When it came time for my manifesto, I opened my tiny mouth and said “I wish the our president didn’t have to leave but life often makes demands of us – and how we respond to those determine how history would remember us……… I’m not seeking a platform from which to bark others at them but the honour of riding side-by-side with them as siblings of the same parents, partners in the same business and soldiers of the same crusade……. I’m convinced that, working together, we could take our potentials past reality, into immortal history”. The results were jaw-parting: 100% unanimous in my favour. In that moment, I couldn’t help feel bigger than a winner – like Obama’s grandmother, Hamilton’s dad and Tiger Wood’s coach all rolled up in one person!
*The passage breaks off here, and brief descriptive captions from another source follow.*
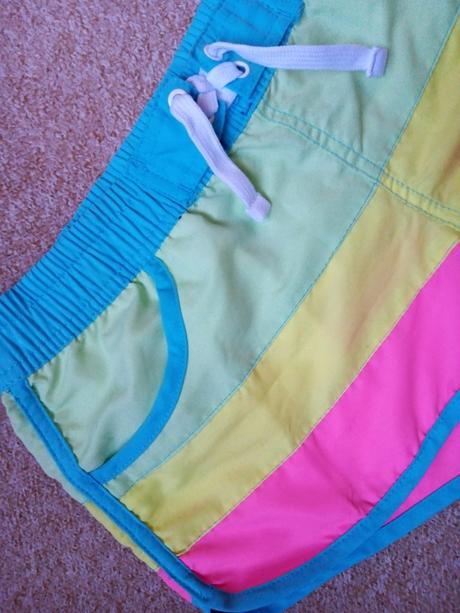Duhové šortky zn."h&m" vel."s", h&m,s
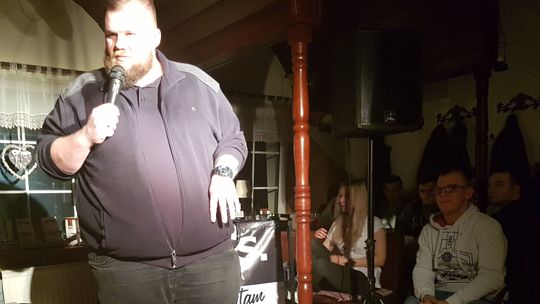 Stand-uper w pizzerii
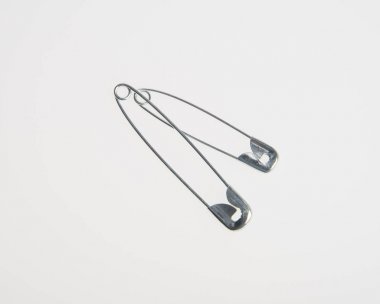 PIN veya bir arka plan üzerinde dikiş çengelli iğne.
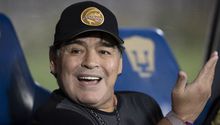 Maradona pasa tiempo con su nieto jugando videojuegos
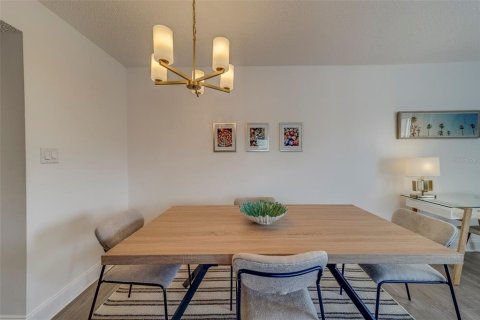 Condo in Clearwater, Florida, 1 bedroom  № 1722562 - photo 7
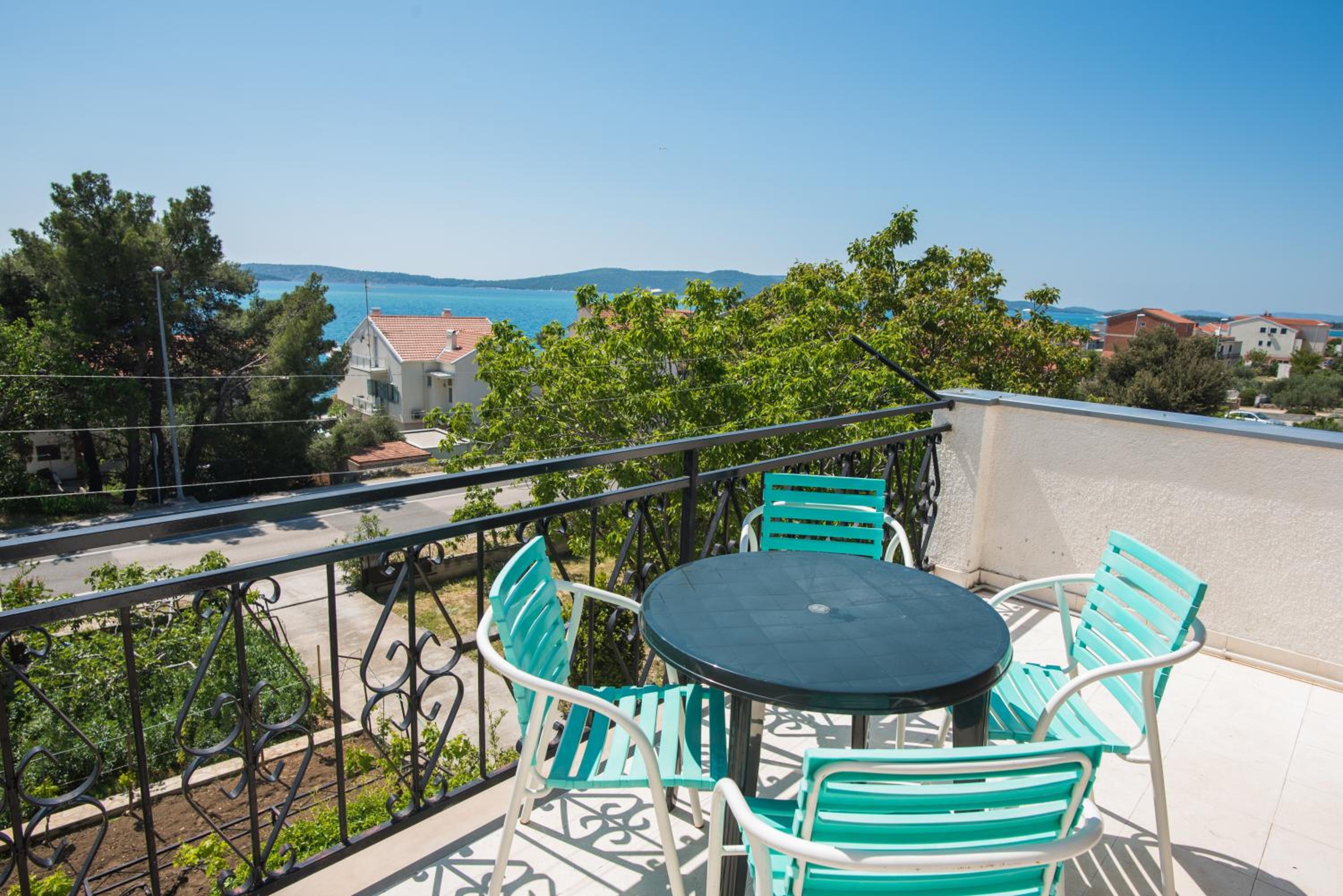 Apartment with Sea View photo 3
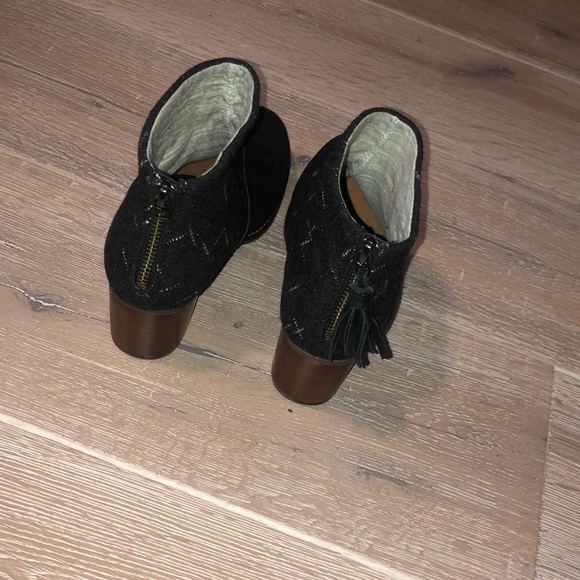 TOMS - Picture 3 of 4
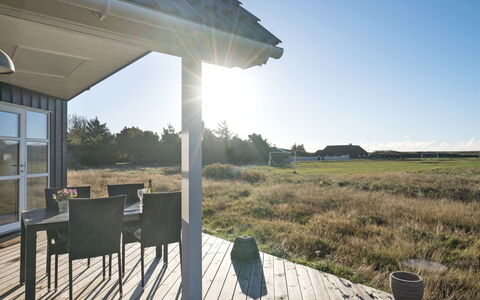 Tinemarie - 200M from the Sea: Græs, Hus, Tag, Hjem, Sommerhus, Busk, Land Lot, Landdistrikt, Stuehus, Bunddække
How much prouder did I feel when those dubbed ‘dissenting voices’ by previous administrations led the line to take up responsibility at the last meeting. It was quite a scene: a diminutive me sat there moderating proceedings while men with chin-forests stacked idea upon idea to forge a new future. Then, the rest of the cryptic message sifted through my mind. Maybe somebody had seen the movie “2011” that had me playing lead – but why was the message ever paraphrased? It was now crystal clear; the message had taken on a fuller and more meaningful form. The message now reads “Leadership and taking charge should not be an occasional habit. They should be an everyday vocation”.
And, while I cannot say I’ve passed the exam, I sure have taken the first impromptu test in stride. 2011 can bring on whatever; I’ll grab its horns and ride. So, head-start, headlong, I’ll play it a little “headless”; 2011 can only mean headway!